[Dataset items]
'''

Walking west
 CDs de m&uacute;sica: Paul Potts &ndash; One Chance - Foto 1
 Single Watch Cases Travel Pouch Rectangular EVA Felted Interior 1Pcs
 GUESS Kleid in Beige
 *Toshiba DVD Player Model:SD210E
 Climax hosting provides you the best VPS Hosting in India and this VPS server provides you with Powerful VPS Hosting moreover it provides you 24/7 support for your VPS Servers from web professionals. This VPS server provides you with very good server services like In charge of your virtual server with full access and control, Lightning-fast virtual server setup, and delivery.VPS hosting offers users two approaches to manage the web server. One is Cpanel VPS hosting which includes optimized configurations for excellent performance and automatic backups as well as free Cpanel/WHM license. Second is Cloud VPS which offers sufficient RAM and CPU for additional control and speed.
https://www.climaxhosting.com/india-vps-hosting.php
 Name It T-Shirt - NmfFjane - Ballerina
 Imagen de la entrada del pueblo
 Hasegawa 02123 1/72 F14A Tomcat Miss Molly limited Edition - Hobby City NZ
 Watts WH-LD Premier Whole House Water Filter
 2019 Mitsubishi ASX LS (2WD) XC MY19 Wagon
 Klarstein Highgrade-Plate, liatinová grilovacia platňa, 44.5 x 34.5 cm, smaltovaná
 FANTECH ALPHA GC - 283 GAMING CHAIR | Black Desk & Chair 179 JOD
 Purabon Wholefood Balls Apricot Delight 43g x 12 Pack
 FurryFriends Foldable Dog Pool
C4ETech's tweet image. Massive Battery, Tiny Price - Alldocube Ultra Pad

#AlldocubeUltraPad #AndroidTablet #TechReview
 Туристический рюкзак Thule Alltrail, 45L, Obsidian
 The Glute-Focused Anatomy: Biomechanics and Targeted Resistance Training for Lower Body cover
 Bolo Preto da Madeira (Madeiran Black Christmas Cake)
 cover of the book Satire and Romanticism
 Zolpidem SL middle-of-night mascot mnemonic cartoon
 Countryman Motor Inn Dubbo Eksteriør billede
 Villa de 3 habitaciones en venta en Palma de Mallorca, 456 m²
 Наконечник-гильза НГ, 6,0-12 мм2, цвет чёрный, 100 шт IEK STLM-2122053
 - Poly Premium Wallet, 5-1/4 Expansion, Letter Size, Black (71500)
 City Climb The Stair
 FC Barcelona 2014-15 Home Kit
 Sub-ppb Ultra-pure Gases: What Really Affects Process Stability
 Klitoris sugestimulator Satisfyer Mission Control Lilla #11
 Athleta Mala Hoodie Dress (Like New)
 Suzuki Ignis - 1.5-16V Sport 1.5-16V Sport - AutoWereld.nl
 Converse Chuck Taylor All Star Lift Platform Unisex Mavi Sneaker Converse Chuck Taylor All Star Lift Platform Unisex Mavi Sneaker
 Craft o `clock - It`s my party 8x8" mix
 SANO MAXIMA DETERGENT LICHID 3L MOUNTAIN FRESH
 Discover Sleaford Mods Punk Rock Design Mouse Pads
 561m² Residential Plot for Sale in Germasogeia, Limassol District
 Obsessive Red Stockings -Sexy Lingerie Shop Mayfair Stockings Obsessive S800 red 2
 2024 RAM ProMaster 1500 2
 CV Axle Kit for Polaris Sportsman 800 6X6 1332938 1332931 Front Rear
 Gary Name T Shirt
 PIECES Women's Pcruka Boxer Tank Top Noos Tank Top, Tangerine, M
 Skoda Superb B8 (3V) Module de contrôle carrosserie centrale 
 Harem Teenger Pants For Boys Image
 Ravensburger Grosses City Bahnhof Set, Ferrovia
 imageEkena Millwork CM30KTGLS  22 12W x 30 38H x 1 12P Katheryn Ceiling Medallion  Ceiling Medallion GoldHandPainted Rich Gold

'''

ASSIGNMENT: Extract every record. Keep wording exact.

ANSWER FOR THIS EXERCISE:
Walking west
 CDs de m&uacute;sica: Paul Potts &ndash; One Chance - Foto 1
 Single Watch Cases Travel Pouch Rectangular EVA Felted Interior 1Pcs
 GUESS Kleid in Beige
 *Toshiba DVD Player Model:SD210E
 Climax hosting provides you the best VPS Hosting in India and this VPS server provides you with Powerful VPS Hosting moreover it provides you 24/7 support for your VPS Servers from web professionals. This VPS server provides you with very good server services like In charge of your virtual server with full access and control, Lightning-fast virtual server setup, and delivery.VPS hosting offers users two approaches to manage the web server. One is Cpanel VPS hosting which includes optimized configurations for excellent performance and automatic backups as well as free Cpanel/WHM license. Second is Cloud VPS which offers sufficient RAM and CPU for additional control and speed.
https://www.climaxhosting.com/india-vps-hosting.php
 Name It T-Shirt - NmfFjane - Ballerina
 Imagen de la entrada del pueblo
 Hasegawa 02123 1/72 F14A Tomcat Miss Molly limited Edition - Hobby City NZ
 Watts WH-LD Premier Whole House Water Filter
 2019 Mitsubishi ASX LS (2WD) XC MY19 Wagon
 Klarstein Highgrade-Plate, liatinová grilovacia platňa, 44.5 x 34.5 cm, smaltovaná
 FANTECH ALPHA GC - 283 GAMING CHAIR | Black Desk & Chair 179 JOD
 Purabon Wholefood Balls Apricot Delight 43g x 12 Pack
 FurryFriends Foldable Dog Pool
C4ETech's tweet image. Massive Battery, Tiny Price - Alldocube Ultra Pad

#AlldocubeUltraPad #AndroidTablet #TechReview
 Туристический рюкзак Thule Alltrail, 45L, Obsidian
 The Glute-Focused Anatomy: Biomechanics and Targeted Resistance Training for Lower Body cover
 Bolo Preto da Madeira (Madeiran Black Christmas Cake)
 cover of the book Satire and Romanticism
 Zolpidem SL middle-of-night mascot mnemonic cartoon
 Countryman Motor Inn Dubbo Eksteriør billede
 Villa de 3 habitaciones en venta en Palma de Mallorca, 456 m²
 Наконечник-гильза НГ, 6,0-12 мм2, цвет чёрный, 100 шт IEK STLM-2122053
 - Poly Premium Wallet, 5-1/4 Expansion, Letter Size, Black (71500)
 City Climb The Stair
 FC Barcelona 2014-15 Home Kit
 Sub-ppb Ultra-pure Gases: What Really Affects Process Stability
 Klitoris sugestimulator Satisfyer Mission Control Lilla #11
 Athleta Mala Hoodie Dress (Like New)
 Suzuki Ignis - 1.5-16V Sport 1.5-16V Sport - AutoWereld.nl
 Converse Chuck Taylor All Star Lift Platform Unisex Mavi Sneaker Converse Chuck Taylor All Star Lift Platform Unisex Mavi Sneaker
 Craft o `clock - It`s my party 8x8" mix
 SANO MAXIMA DETERGENT LICHID 3L MOUNTAIN FRESH
 Discover Sleaford Mods Punk Rock Design Mouse Pads
 561m² Residential Plot for Sale in Germasogeia, Limassol District
 Obsessive Red Stockings -Sexy Lingerie Shop Mayfair Stockings Obsessive S800 red 2
 2024 RAM ProMaster 1500 2
 CV Axle Kit for Polaris Sportsman 800 6X6 1332938 1332931 Front Rear
 Gary Name T Shirt
 PIECES Women's Pcruka Boxer Tank Top Noos Tank Top, Tangerine, M
 Skoda Superb B8 (3V) Module de contrôle carrosserie centrale 
 Harem Teenger Pants For Boys Image
 Ravensburger Grosses City Bahnhof Set, Ferrovia
 imageEkena Millwork CM30KTGLS  22 12W x 30 38H x 1 12P Katheryn Ceiling Medallion  Ceiling Medallion GoldHandPainted Rich Gold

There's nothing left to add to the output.